_Task instructions_
Reproduce the material below line by line, beginning with its first line and ending with the line that contains "Печь микроволновая, объем"; leave out pictures.

_Given material_
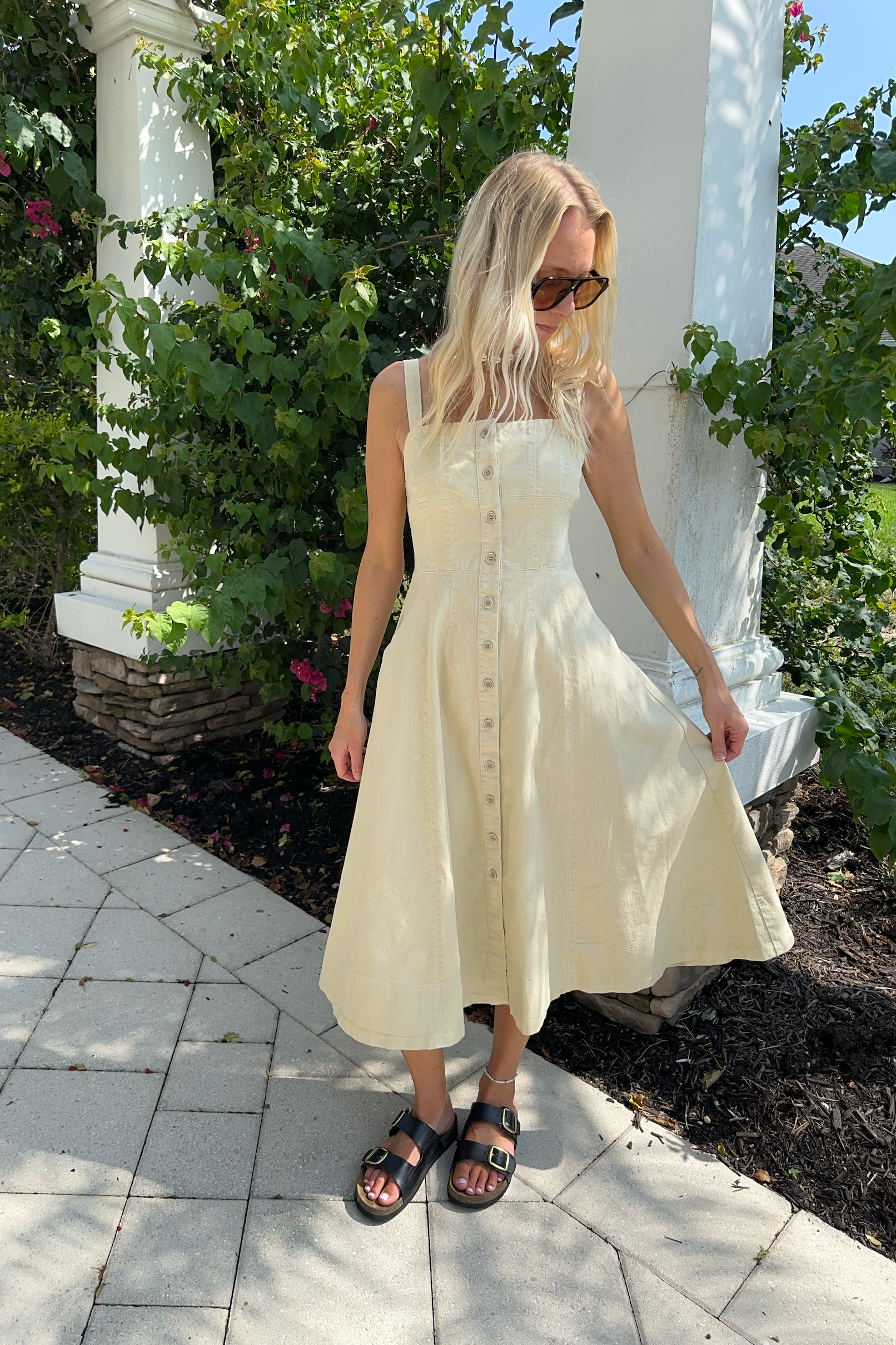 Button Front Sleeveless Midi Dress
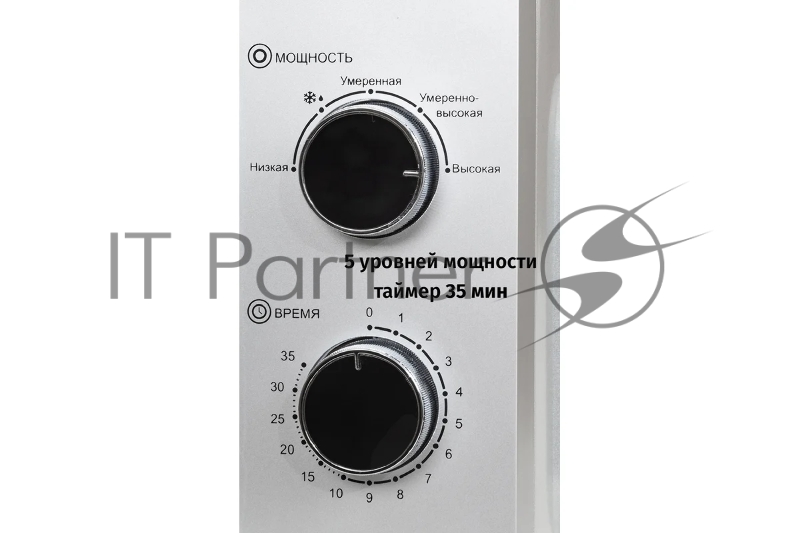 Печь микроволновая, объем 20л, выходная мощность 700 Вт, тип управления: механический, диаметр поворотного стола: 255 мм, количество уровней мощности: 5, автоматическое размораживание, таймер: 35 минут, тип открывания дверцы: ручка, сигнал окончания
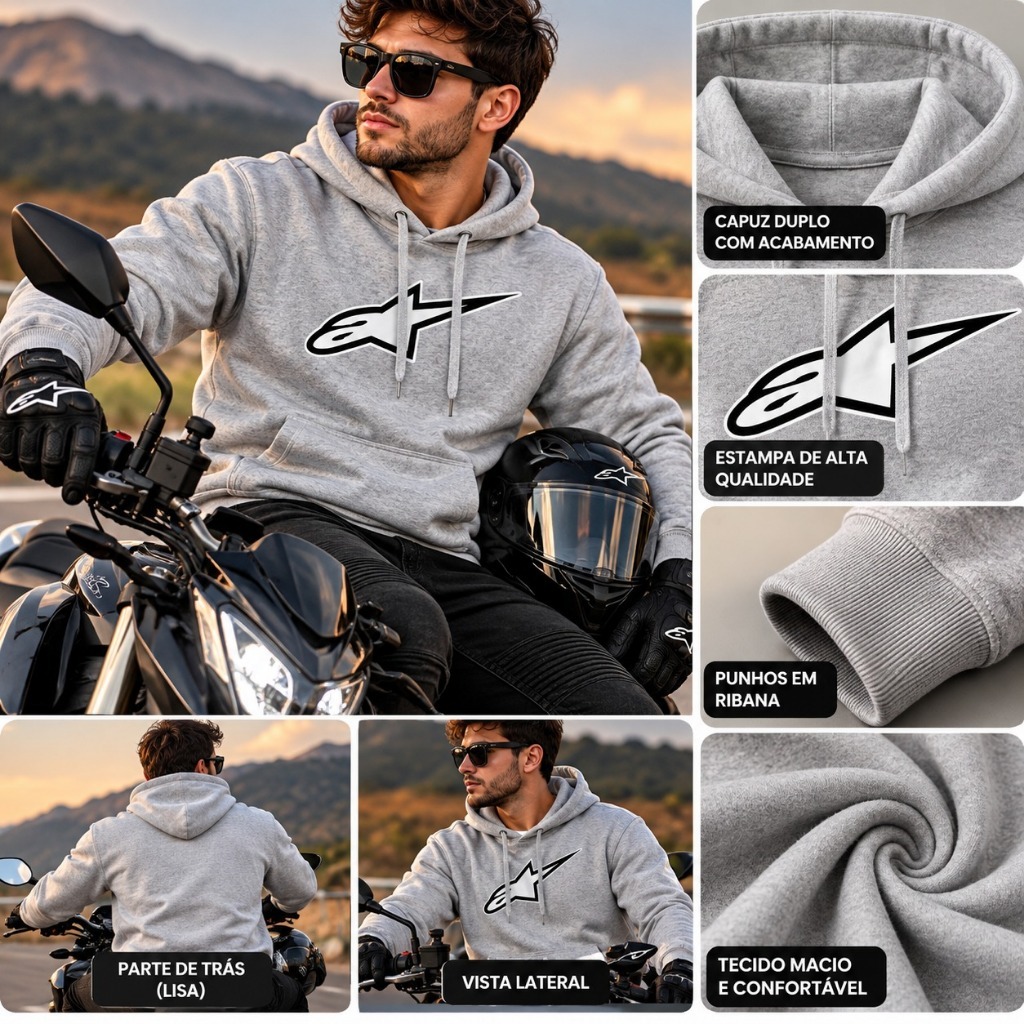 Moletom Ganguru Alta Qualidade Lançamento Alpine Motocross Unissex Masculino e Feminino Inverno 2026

_Answer to this problem_
 Button Front Sleeveless Midi Dress
 Печь микроволновая, объем 20л, выходная мощность 700 Вт, тип управления: механический, диаметр поворотного стола: 255 мм, количество уровней мощности: 5, автоматическое размораживание, таймер: 35 минут, тип открывания дверцы: ручка, сигнал окончания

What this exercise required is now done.